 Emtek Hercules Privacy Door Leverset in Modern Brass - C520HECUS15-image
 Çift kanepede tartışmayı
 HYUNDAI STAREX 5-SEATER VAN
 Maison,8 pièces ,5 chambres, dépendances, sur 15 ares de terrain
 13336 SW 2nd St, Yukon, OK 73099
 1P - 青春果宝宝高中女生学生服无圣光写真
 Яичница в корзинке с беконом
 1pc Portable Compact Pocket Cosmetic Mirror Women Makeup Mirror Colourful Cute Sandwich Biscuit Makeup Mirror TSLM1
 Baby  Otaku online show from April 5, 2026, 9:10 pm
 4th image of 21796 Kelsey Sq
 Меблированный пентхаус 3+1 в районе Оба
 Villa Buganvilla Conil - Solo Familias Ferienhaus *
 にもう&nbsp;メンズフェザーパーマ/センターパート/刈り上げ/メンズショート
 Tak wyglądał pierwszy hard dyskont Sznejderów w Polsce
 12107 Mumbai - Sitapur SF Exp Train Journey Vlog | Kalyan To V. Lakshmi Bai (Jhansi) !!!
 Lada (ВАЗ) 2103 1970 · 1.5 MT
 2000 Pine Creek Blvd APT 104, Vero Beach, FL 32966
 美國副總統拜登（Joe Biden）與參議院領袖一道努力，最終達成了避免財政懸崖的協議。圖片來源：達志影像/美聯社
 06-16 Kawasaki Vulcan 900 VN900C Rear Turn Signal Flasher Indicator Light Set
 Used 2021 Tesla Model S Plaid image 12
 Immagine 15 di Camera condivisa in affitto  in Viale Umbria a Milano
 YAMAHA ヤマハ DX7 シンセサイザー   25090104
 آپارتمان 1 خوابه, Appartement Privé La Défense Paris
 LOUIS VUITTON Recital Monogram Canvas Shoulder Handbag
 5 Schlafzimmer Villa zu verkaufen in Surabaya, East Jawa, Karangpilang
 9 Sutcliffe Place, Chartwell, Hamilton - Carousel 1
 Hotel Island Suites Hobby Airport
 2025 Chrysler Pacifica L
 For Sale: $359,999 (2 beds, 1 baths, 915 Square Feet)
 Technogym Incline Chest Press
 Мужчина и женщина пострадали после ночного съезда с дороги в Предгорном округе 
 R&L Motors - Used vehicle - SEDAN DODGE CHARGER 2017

* [Activity] Produce the lines from the top of the listing through the "Яичница в корзинке с беконом" line exactly as they appear, with no additional output.

* [Answer to this task]
 Emtek Hercules Privacy Door Leverset in Modern Brass - C520HECUS15-image
 Çift kanepede tartışmayı
 HYUNDAI STAREX 5-SEATER VAN
 Maison,8 pièces ,5 chambres, dépendances, sur 15 ares de terrain
 13336 SW 2nd St, Yukon, OK 73099
 1P - 青春果宝宝高中女生学生服无圣光写真
 Яичница в корзинке с беконом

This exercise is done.